Table 2 DH-parameter of Example 1

This example has three continuous paths (Fig. 4). The results of the optimization are shown in Table 3. The average of the six joint trajectory lengths is the smallest in the green path 3. Therefore this path is optimal when smallest overall change of joint parameters is desired. It can also be seen that the same joint trajectories are optimum when smallest overall change of joint velocities is desired. Once this result is obtained it is of course enough to put the manipulator in the starting values of path 3 and then it will stay on this path, because there is no singularity on this path. A boundary singularity would be seen in such a plot when a path ends, i.e. when two solutions meet in a point having a vertical tangent. This behaviour can be seen in Fig. 1 where the motion trajectory was chosen such that the manipulator hits its boundary and therefore no continuous path is possible. There is a gap in all joint trajectories.

Fig. 4

Interpolated joint trajectories of Example 1

Table 3 Result of the optimization

4.2 Example 2

In this example the DH-parameters of CW7 are changed according to Table 4. The motion performed is the same as in Eq. (1) in the interval \( t \in [ - \frac{1}{4},\frac{1}{4}] \). This example is especially interesting, because 14 continuous joint paths exist. The given task can be performed with 14 different configurations of the manipulator. It should be obvious that these 14 paths are not equivalent The 14 continuous joint trajectories are shown in Figs. 5 and 6.

Table 4 DH-parameter of Example 2

Fig. 5

Interpolated joint trajectories 1–9 of Example 2

Fig. 6

Interpolated joint trajectories 10–14 of Example 2

Table 5 Results of the optimization Example 2

In the result of the optimization one can see big differences in the different trajectories (Table 5). Concerning the average joint motion change trajectory 13 is optimal whereas the path 12 is the worst path. One can see this also in the plot of Fig. 6 on the right side. Trajectories of path 13 (black) have almost horizontal curves, whereas the trajectories of path 12 have much more vertical deviation. Concerning the overall velocity change averaged over all joints (type 2) one can see that path 8 does slightly better than path 13.

Remark In a real robot joint limits would have to be taken into account. This has not been done in this example because the joint limits of the Wampler example are not specified. But it would be no additional effort to plot these limits and make a decision if the given motion can be performed without hitting a joint limit.

Summarizing the results of both optimization algorithms one can state clearly that it matters which starting configuration is chosen from the different possibilities offered by the different solutions of the inverse kinematics.
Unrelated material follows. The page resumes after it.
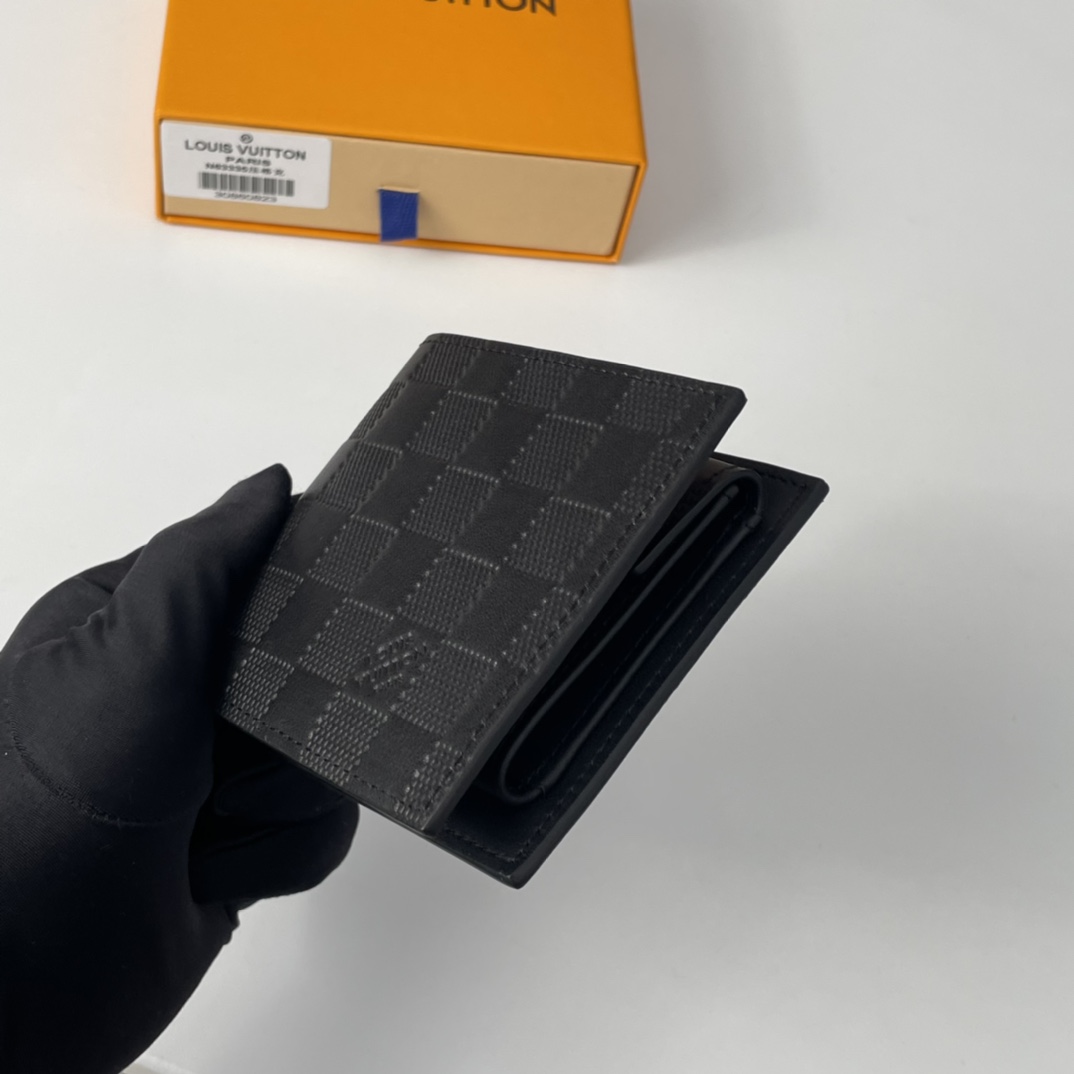 Louis Vuitton wallet （N63335）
The better choice of a starting can reduce the cycle time of a desired task considerably.

5 Conclusion

The inverse kinematics of a general 6-R manipulator yields up to 16 solutions for the joint angles when the end effector pose is given. Using the fast algorithm developed in [2, 3] the inverse kinematics can be computed along a given end effector motion efficiently. The algorithm presented in this paper detects in the set of joint angles continuous paths and the joint trajectories of these paths are interpolated with quintic splines. Having polynomial curves for joint trajectories, velocities and acceleration a optimization procedures were discussed to decide which of the possible solutions is optimal according to a given optimization criterion like e.g. minimum overall change of joint motion or minimum average overall change of joint velocities. This work can help to decide in which starting pose the manipulator should be brought to perform a given task in a shorter time or with overall smaller change of joint velocities.